--- Task instructions ---
From the first record to the last, write out each one exactly.

[Start of Attachment]

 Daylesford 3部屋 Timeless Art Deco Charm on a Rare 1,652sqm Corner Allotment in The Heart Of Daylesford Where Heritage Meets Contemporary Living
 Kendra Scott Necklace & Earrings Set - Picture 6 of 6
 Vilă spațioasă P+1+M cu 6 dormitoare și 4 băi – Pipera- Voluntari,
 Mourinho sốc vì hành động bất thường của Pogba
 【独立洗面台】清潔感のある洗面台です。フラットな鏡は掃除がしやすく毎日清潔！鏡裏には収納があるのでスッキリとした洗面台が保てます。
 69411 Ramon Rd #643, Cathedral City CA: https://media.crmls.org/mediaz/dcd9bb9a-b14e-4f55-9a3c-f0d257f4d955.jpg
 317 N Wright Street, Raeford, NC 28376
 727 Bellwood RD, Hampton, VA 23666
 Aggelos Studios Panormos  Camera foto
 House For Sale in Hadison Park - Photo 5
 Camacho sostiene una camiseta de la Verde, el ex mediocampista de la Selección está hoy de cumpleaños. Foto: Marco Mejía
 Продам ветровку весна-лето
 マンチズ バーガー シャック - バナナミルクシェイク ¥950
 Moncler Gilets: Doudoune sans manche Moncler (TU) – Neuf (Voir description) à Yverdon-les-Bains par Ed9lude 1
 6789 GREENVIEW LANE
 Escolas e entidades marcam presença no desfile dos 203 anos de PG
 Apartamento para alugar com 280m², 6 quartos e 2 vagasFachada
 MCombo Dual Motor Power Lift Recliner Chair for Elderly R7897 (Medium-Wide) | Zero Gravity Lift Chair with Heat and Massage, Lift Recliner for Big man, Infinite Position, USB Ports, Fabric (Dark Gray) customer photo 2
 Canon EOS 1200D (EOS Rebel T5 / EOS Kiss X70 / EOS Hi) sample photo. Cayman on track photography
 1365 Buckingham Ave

[End of Attachment]

--- Answer to the exercise ---
 Daylesford 3部屋 Timeless Art Deco Charm on a Rare 1,652sqm Corner Allotment in The Heart Of Daylesford Where Heritage Meets Contemporary Living
 Kendra Scott Necklace & Earrings Set - Picture 6 of 6
 Vilă spațioasă P+1+M cu 6 dormitoare și 4 băi – Pipera- Voluntari,
 Mourinho sốc vì hành động bất thường của Pogba
 【独立洗面台】清潔感のある洗面台です。フラットな鏡は掃除がしやすく毎日清潔！鏡裏には収納があるのでスッキリとした洗面台が保てます。
 69411 Ramon Rd #643, Cathedral City CA: https://media.crmls.org/mediaz/dcd9bb9a-b14e-4f55-9a3c-f0d257f4d955.jpg
 317 N Wright Street, Raeford, NC 28376
 727 Bellwood RD, Hampton, VA 23666
 Aggelos Studios Panormos  Camera foto
 House For Sale in Hadison Park - Photo 5
 Camacho sostiene una camiseta de la Verde, el ex mediocampista de la Selección está hoy de cumpleaños. Foto: Marco Mejía
 Продам ветровку весна-лето
 マンチズ バーガー シャック - バナナミルクシェイク ¥950
 Moncler Gilets: Doudoune sans manche Moncler (TU) – Neuf (Voir description) à Yverdon-les-Bains par Ed9lude 1
 6789 GREENVIEW LANE
 Escolas e entidades marcam presença no desfile dos 203 anos de PG
 Apartamento para alugar com 280m², 6 quartos e 2 vagasFachada
 MCombo Dual Motor Power Lift Recliner Chair for Elderly R7897 (Medium-Wide) | Zero Gravity Lift Chair with Heat and Massage, Lift Recliner for Big man, Infinite Position, USB Ports, Fabric (Dark Gray) customer photo 2
 Canon EOS 1200D (EOS Rebel T5 / EOS Kiss X70 / EOS Hi) sample photo. Cayman on track photography
 1365 Buckingham Ave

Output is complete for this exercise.